The Muslim conquests following the death of Muhammad in 632 AD steadily built over the next one hundred years. The accumulation of victories began to take on an air of inevitability.

From 638-642, most of the Byzantine empire’s eastern Mediterranean holdings, including Egypt and Syria, fell to the caliphate. By 648, modern day Libya was under Muslim control. In 698, Carthage fell, and by 709, all of North Africa to the Pillar of Hercules where the Atlantic and Mediterranean meet, was the caliphate’s to rule.

Dread in Europe began to take over once the slow trudge of the conquest arrived on the shores of Europe. In 711, the invasion of the Iberian peninsula, modern day Spain and Portugal began, and by 714, most of modern day Spain was under Muslim control.

Christian Western Europe was completely unprepared to stop the advance of the Umayyad caliphate, and some worried that within the century all of Europe would be Muslim. And with reason. By 720, portions of the French riviera were under Muslim control, and in the 720s, raiding parties ranged as far as Burgundy in eastern modern-day France.

To prevent total capitulation of western Europe, the Franks needed to make a stand. Charles Martel, the Duke of the Franks, gathered his forces and came to the aid of the duchy of Aquitaine.

He had an advantage that many of the prior armies that had attempted to stop the Muslim advance did not. His was a professionally trained army that had been doing battle for years, consolidating much of northern Europe under the Franks.

In October 732, the Muslim forces were marching on Tours in central modern-day France, when they found Charles’ army in a defensive position not far from Pointers.

After 7 days of preparation and waiting, the battle commenced. The Muslim forces attempted to break the Franks, but they held until Martel’s surprise gambit paid of

He had sent a scouting party to raid the Umayyad’s camp, threatening their treasure and gains from the conquest thus far. As this information began to spread, some of the troops decided to retreat to the camp to protect their treasure, and the rest of the Umayyad army perceived this as a retreat, which soon became a self-fulfilling prophecy.

In the battle the Umayyad general was killed.
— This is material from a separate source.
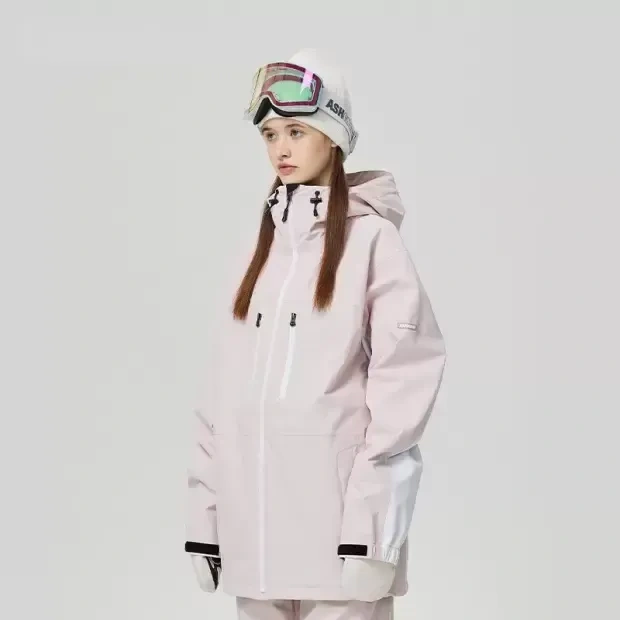Women Quick Dry Snowboard Hoodies Ski Jacket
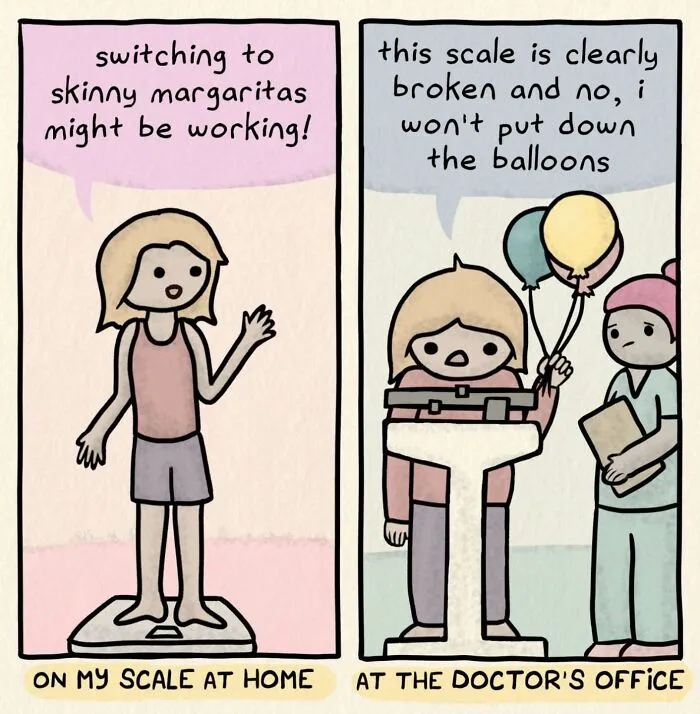 This Artist Perfectly Captures What Burnout Feels Like In 50 Brutally Relatable Comics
The rest of the army fled back to Muslim Spain.

While many other attempts were made by the Umayyad caliphate to push deeper into Europe, the battle of Pointers, also called the Battle of Tours, marked the high water mark for Islam in Western Europe, similar to the later battle of Vienna in 1683 for Islam and the Ottomans in Eastern Europe.

That victory is the reason why 1,208 years later, when Jean-Marie Eveillard was born in Pointers, he spoke French, not Arabic. The ideas that he spread as he advanced through Societe Generale’s (SocGen) fund management group had significantly more success in crossing Europe.

Eveillard was one of the first value investors outside of the US. He followed in the footsteps of Ben Graham and the great value investors in the US, and many call him the first true global value investor. He was one of the first true disciples of Graham and value investing in Europe, spreading his gospel.

Before Eveillard’s career began in 1962 at SocGen, and he took over as portfolio manager of what is now First Eagle, value investing was not viewed as a popular strategy outside of the US. Many of Graham’s followers, like Buffett, Munger, Schloss, Ruane, and even Shelby Davis, had been practitioners of value investing for years in the US, but it had not yet caught on.

For the next 40+ years, Eveillard applied the same value investing framework Graham had laid out with amazing success. He was regularly hailed as one of Wall Street’s best value investors. In 2003 he was awarded Morningstar’s Fund Manager Lifetime Achievement Award.

By that point, Eveillard’s value investing beliefs had spread across Europe. Value investing had won the war, the way the invaders of 732 had not.

One of the core principals that Eveillard lives by is that to truly find value stocks, one can’t trust the as-reported GAAP and IFRS accounting numbers. As Eveillard says:

“I always restate financials when valuing companies.”

Using as-reported accounting metrics can lead to a value investor misunderstanding how cheap a company really is. What is the real intrinsic value of a company, and what are the real assets that back that company’s value? What are the real returns of a business, and what is the market really pricing in?

Using as-reported accounting, an investor is likely to pick the wrong companies. The type of companies that guarantee you won’t have great enough success to be receive a lifetime achievement award.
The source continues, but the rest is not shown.